A top plan view of an embodiment of fluid container 200 employing the present invention is illustrated in FIG. 2 a. In this embodiment, fluid container 200 includes body 220 configured to contain a fluid. Body 220 has straight or vertical body sidewalls 222 a, 222 b, 222 c, and 222 d; however, in alternate embodiments, body 220 may have sloping sidewalls that provide for easy insertion of a capillary material such as capillary material 218 (see FIG. 2 d). In addition, although body 220 is depicted as having a rectangular shape, body 220 may have any of a variety of different shapes and configurations. In this embodiment, body 220 is formed by injection molding utilizing a polyethylene terephthalate polymer (PET) that is 15 percent filled with glass; however, in alternate embodiments, any suitable metal, glass, ceramic, or polymeric material that is compatible with the fluid being stored also may be utilized. For example, polypropylene, polyethylene, liquid crystal polymers, glass, stainless steel, and aluminum are just a few materials that also may be utilized to form body 220.

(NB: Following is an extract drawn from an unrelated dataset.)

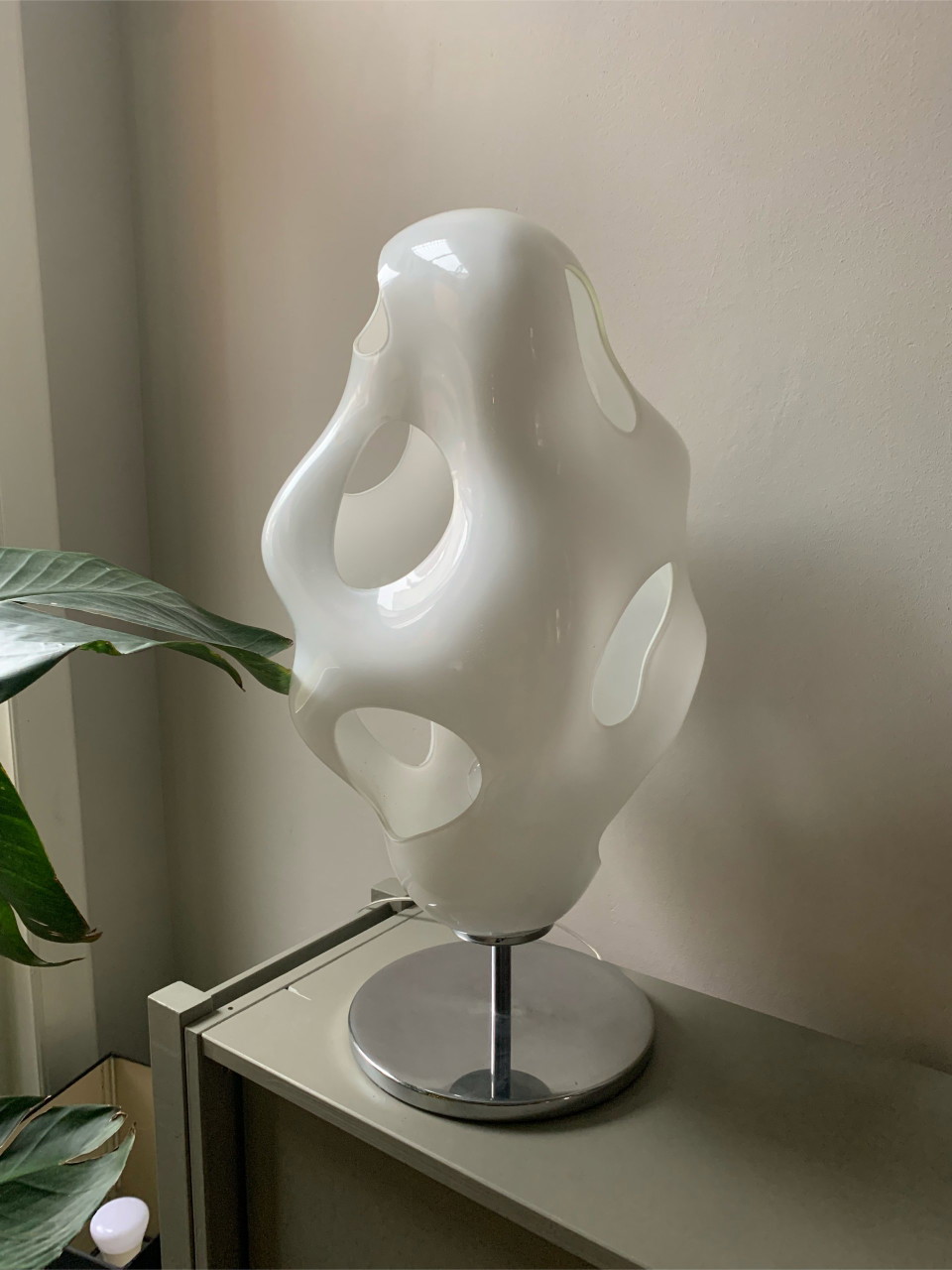 Lámpara de mesa Kundalini de Karim Rashid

Body 220 includes capillary material stops 232 a, 232 b, 232 c, and 232 d on which capillary material 218 is supported. The volume above the capillary material stops is the capillary fluid volume. In this embodiment, body 220 also includes free fluid compartments 224 a and 224 b which form a free fluid chamber. In alternate embodiments, the free fluid chamber may be partitioned into any reasonable number of free fluid compartments. Free fluid compartment 224 a is formed by body sidewalls 222 a and 222 d and free fluid compartment sidewalls 226 a and 226 b. Free fluid compartment 224 b is formed by body sidewalls 222 c and 222 d and free fluid compartment sidewalls 226 a and 226 c. Free fluid compartment sidewalls 226 a and 226 b and free fluid compartment sidewalls 226 a and 226 c each intersect at an angle of about 120 degrees; however, in alternate embodiments, the free fluid compartment sidewalls may intersect at other angles less than about 120 degrees. The actual angle utilized will depend on the amount of free fluid volume held in container 200 and the surface tension of both the fluid being stored and the surface free energy of the sidewall material. Larger angles, generally will be less efficient in generating a capillary path where the sidewalls intersect. The capillary path is advantageous for efficient uptake of the free fluid stored in that compartment. In addition, body 220 further includes outlet compartment 240 formed by body sidewalls 222 b, 222 a, and 222 c and free fluid compartment sidewalls 226 b and 226 c. Outlet compartment 240 also includes fluid outlet 242 formed in body sidewall 222 e through which fluid held in container 200 is dispensed as illustrated in FIG. 2 b.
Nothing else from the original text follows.